In fact, this almost proves to me that there is no correlation, or even
negative correlation - when it had been used to show the opposite. That's
right - this is better proof of NO HELIUM from fusion - than of a direct
correlation. And worse, Miles has been called the "gold standard" by a few
proponents. Apparently some were confused by the difference between million
and billion.

BTW, I did not get this from Krivit, but it shows that he may be largely
correct on his unpopular stance on helium. And I hate to admit that, because
Steve is wrong on a number of other issues IMHO - particularly on
Widom/Larsen and his insistence that Rossi is a scammer. Yet, I for one owe
Steve Krivit an apology, since he did stick his neck out on the helium issue
- and he seems to be largely correct - or at least more right than wrong.

>From M. Miles: "I want to respond to various comments about my China Lake
(Navy) results from 1990-1994 about the heat and helium correlations.
Someone commented that it would have been better if I had found helium-4 in
the electrolysis gases at levels greater than the helium-4 content normally
in air (5.22 ppm)." 

"I agree that higher excess power levels would have been nice, but we had to
live with the excess power that was actually measured.  However, it is
unrealistic to expect helium-4 levels in the electrolysis gases via fusion
greater than the 5.22 ppm found naturally in air for our open calorimetric
system. (Our  system was not open directly to  the atmosphere, but the
electrolysis gases escaped via an oil bubbler that prevented the back-flow
of air)."

"My calculations show that D + D fusion to form helium-4 would produce
11.2 ppb (Billion!-not million) of helium-4 in the electrolysis gases per
0.100 W of excess power using a typical electrolysis current of I = 500
mA (See  page 32 of my final Navy report, NAWCWPNS TP 8302, September 1996).
Therefore, the production of helium-4 exactly equal to the 5.22 ppm in air
would have required an excess power of 46 W.  Such a large excess power
would have immediately driven my cell to boiling, depleted the cell
contents, and ended the experiment."

It is almost unbelievable that a few regular posters on CMNS would say that
Miles work is proof of a good correlation, when it actually appears to show
that all - 100% - of the helium measured could easily have diffused into
system from the outside.

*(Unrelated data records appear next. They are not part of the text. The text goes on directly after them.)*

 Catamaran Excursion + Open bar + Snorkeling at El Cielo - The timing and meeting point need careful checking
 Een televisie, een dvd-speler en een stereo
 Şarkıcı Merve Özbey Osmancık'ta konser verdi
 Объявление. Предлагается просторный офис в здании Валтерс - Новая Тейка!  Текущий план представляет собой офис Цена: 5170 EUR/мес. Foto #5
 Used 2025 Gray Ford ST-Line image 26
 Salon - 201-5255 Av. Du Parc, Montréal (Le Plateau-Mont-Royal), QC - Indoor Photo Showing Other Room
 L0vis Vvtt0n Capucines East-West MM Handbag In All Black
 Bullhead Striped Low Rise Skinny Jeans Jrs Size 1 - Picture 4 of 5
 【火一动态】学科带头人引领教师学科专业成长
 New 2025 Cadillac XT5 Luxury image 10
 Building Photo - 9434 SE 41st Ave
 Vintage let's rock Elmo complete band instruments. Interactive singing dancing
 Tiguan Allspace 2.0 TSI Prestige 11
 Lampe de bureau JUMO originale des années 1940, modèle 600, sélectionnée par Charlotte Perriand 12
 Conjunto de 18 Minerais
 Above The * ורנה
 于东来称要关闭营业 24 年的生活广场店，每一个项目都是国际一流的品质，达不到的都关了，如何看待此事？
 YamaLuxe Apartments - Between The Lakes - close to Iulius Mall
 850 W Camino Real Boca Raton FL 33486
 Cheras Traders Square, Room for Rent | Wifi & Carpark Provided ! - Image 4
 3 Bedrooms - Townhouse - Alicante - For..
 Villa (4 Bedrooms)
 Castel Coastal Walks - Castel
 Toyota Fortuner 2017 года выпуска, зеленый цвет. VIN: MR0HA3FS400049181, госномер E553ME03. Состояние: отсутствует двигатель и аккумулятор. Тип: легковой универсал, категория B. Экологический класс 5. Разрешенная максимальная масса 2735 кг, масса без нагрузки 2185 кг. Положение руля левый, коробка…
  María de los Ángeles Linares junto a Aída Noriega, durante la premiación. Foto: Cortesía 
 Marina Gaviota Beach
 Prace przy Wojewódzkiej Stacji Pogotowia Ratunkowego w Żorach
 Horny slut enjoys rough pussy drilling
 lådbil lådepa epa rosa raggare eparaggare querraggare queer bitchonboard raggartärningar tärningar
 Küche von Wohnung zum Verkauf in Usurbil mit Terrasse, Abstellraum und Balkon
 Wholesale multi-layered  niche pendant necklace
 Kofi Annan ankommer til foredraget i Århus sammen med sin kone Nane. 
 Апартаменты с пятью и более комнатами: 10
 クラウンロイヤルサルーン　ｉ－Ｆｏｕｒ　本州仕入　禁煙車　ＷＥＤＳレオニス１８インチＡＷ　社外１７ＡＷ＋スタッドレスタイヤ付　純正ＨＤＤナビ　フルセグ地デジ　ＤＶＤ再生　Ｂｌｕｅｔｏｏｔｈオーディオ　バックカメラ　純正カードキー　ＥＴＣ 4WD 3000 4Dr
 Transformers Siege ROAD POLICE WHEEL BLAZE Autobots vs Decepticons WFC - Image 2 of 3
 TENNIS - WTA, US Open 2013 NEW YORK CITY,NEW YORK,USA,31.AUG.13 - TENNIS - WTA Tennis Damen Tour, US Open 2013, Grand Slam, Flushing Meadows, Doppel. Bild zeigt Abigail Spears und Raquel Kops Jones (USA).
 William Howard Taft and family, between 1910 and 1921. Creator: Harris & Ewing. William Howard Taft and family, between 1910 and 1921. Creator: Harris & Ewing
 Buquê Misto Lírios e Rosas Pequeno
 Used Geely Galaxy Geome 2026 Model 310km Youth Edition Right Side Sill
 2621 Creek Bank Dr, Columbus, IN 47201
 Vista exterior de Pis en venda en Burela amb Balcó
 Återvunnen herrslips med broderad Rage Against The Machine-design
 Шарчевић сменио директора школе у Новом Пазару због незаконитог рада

I suspect that most of the other reports have the
same or a similar underlying problem - they have not taken into account the
high levels of helium in Laboratories where MS is routinely practiced.
Helium concentration can be 1000 times more than what has been measured. One
will often see a high pressure helium tank within feet of the instrument
itself.

This is supposed to be a science forum, where experiment rules, not a
slap-on-the-back old boys club where past false notions live on, well beyond
their predictive value and instead actually become counter-productive to
progress. Isn't it about time that we either abandon or downplay the entire
premise that LENR involves fusion without gamma radiation - when strong
anomalous heat is seen? 

We are convinced of the excess heat - IT IS THERE - but there is precious
little good evidence that nuclear fusion is responsible for it. There are a
few experiments where tritium is seen which is good evidence. Transmutation
is seen but it is thousands of times too low to be meaningful. In those
cases the amount of tritium is tiny, or comes from high voltage (Claytor)
and often there is no excess heat, so once again - we find this is a complex
field with few absolutes. There is some small level of fusion happening, no
doubt about QM - and there can be incidental helium in an experiment ... but
this may come from low probability QM effects, since it is tiny and will not
correlate with excess heat in a high energy output experiment.

The field is at risk of losing it crown jewel - excess heat - to the
insistence of a few proponents of a proved helium connection - by continuing
to insist on any substantial level of fusion to helium, when there is so
little good proof of fusion at all, other than the occasional trace tritium,
or trace transmutation... and moreover, lots of tritium should show up long
before helium does. Look at the published cross-section for heaven's sakes!

If there was going to be a correlation of excess heat to nuclear fusion, it
would be found via the expected fusion products: tritium and 3He! Yet that
is NOT what these proponents have been trying to force feed others who are
willing to accept the excess heat. THE EXCESS HEAT IS THERE. 

It's the lack of gammas, and trying to cover for that, which seems to make
some of us go stupid.

Old habits die hard. But they will die.